Les élèves de CM2 de l’école Primaire de Monein dans le Béarn ont dû remplir dans le plus grand secret une évaluation de compétences comportant des questions sur leur nationalité et leur culture. Cette initiative du ministère de l’Education « remet en cause la protection des libertés » selon les syndicats.

« Tu es né en France ? »,  « Ta mère est Française ? »,  « Tu parles quelle langue à la maison ? »… Non, ces questions ne sont pas posées par un inspecteur de police à un délinquant mais par l’administration française aux élèves de CM2.

Et oui!

Le 22 mai dernier, les élèves de l’école élémentaire de Monein, dans le Béarn, ont eu la surprise de trouver au coin de leur table un dossier de 11 pages intitulé « Evaluation de fin d’études » avec dans le coin en haut à droite un mot étrange : expérimentation.
Au départ rien de bien méchant, les écoliers sont soumis à une petite évaluation de connaissance. Les deux premières parties portent sur la compréhension d’un texte. La troisième demande aux élèves de rédiger une petite rédaction… Une sorte de brevet des collèges avant l’heure, sauf que dans la quatrième et dernière partie,  il y a un hic.

En préambule, un petit texte explique aux élèves qu’ici, il n’y a pas de bonnes ou de mauvaises réponses. Et pour cause, les questions posées n’ont rien à voir avec les exercices précédents. Dans cette partie, les interrogations sont d’ordre privé.
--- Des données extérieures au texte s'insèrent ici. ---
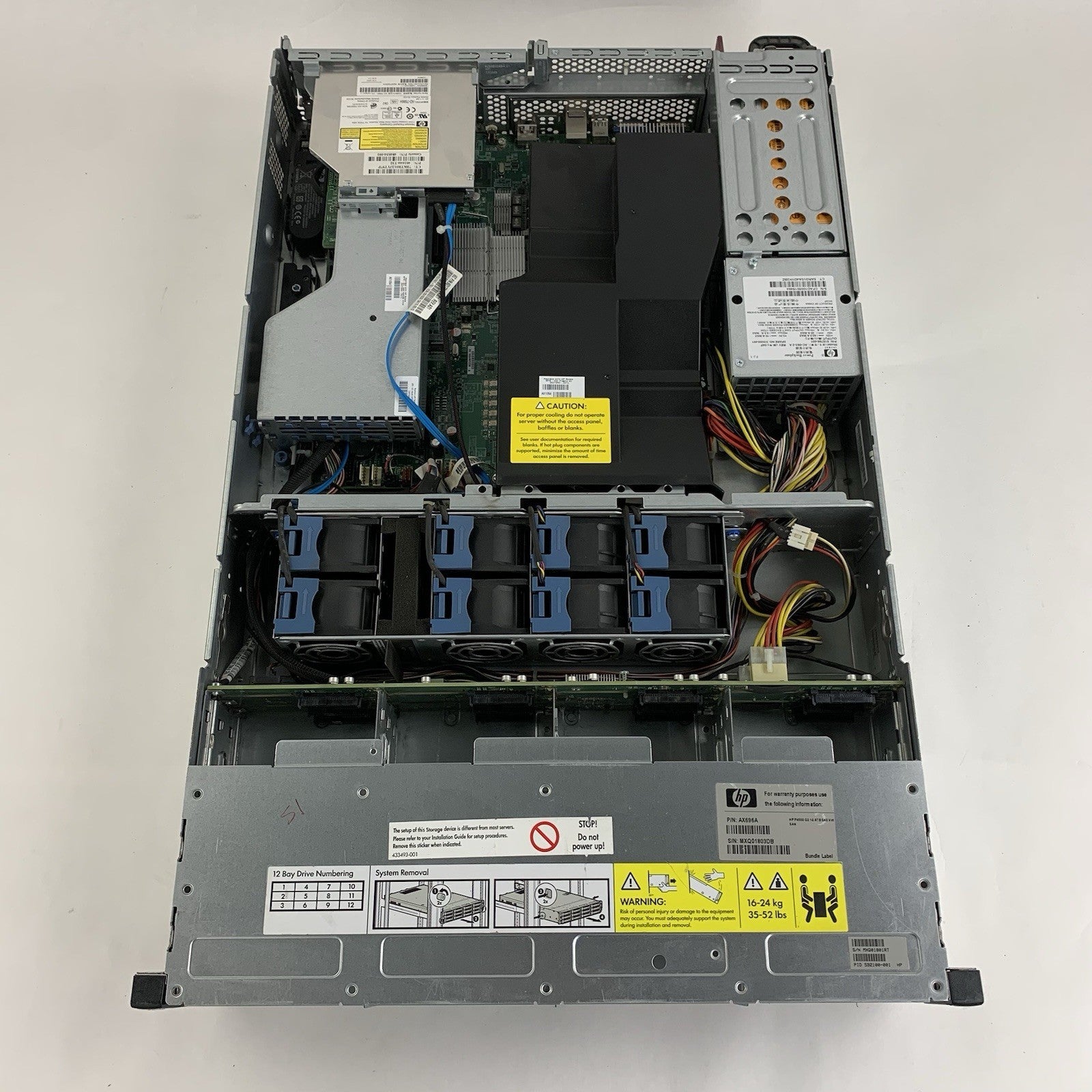HP StorageWorks P4500 G2 Server 1x Xeon E5520 2.26GHz 8GB RAM No HDD/OS11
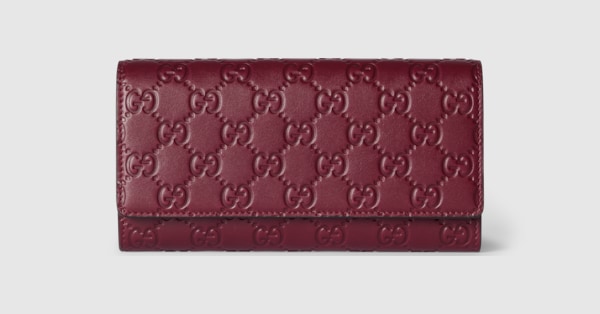 Gucci Softbit Continental レザーウォレット Gucci Softbit continental wallet in black leather | GUCCI® US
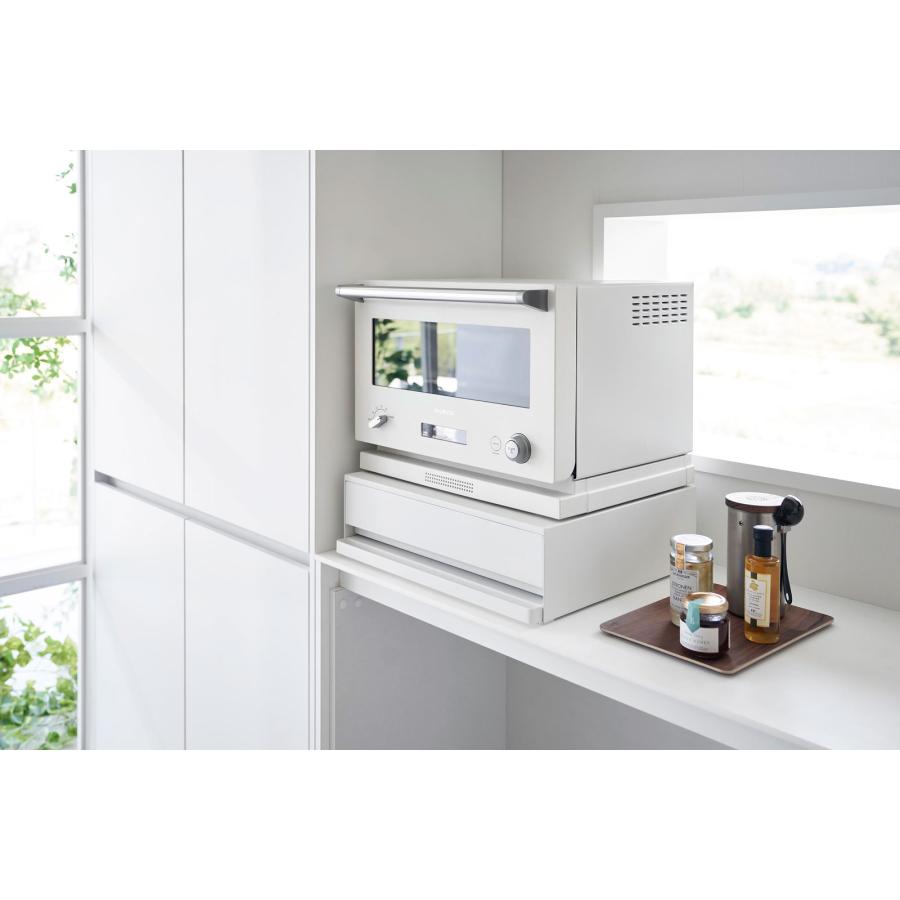 調味料ラック 山崎実業 正規品 tower タワー 2way ツーウェイ キッチン家電下引き出し＆スライドテーブル スパイスラック  ホワイト | tower | 02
Au menu, des questions la nationalité de l’élève, de ses parents, sur la langue maternelle. Viennent ensuite des questionnaires concernant « Ce que je pense des devoirs à la maison ». Les jeunes écoliers doivent répondre à des questions telles que « à la maison j’ai vraiment l’impression de perdre mon temps » ou alors « je fais mes devoirs à la maison parce que j’aurais une mauvaise image de moi si je ne travaillais pas. » Un vrai petit interrogatoire.
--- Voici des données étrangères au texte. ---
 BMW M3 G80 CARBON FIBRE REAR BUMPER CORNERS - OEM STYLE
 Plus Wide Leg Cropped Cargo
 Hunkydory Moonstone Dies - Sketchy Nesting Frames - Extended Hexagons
Après avoir répondu consciencieusement à cette quatrième et dernière partie, les élèves remettent leur copie à leur instituteur. Et là, il y a encore un hic. Le professeur n’a en aucun cas le droit de corriger les copies, ni même de les consulter. Tels des agents spéciaux, ils remettent dans le plus grand secret les documents au ministère de l’Education.
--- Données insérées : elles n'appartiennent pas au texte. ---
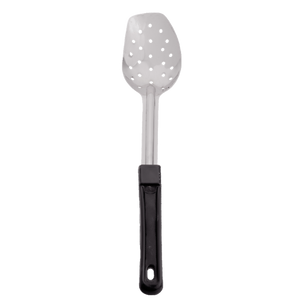 Browne Foodservice 13" Perforated 3-Sided Spoon w/Bakelite Handle 5763 (Pack of 4)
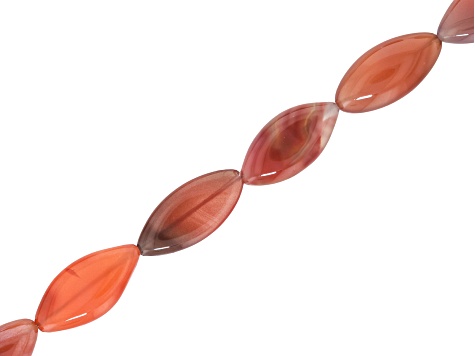 Botswana Agate 12x8mm-25x11mm Marquise Bead Strand Approximately 16" in Length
la protection des libertés remise en cause

Scandalisés par la démarche, les enseignants ont prévenu les parents qui ont immédiatement informé l’inspecteur d’académie de leur mécontentement. La Fédération des Parents d’Elèves du Béarn et les principaux syndicats ont informé la presse locale. Joint au téléphone, les syndicats précisent que ce choix  «s’est avéré payant» puisque le ministère a demandé  «aux 79 autres écoles choisies pour cette expérimentation de ne pas faire remplir aux élèves la quatrième partie.»

Cependant, le ministère de l’éducation a tenu à préciser que cette note a pour but de détecter les lacunes des écoliers. L’inspection académique, qui n’a pas souhaité nous répondre, ne souhaite pas que des élèves ayant un niveau insuffisant passe en classe supérieure et accumule les lacunes d’années en années.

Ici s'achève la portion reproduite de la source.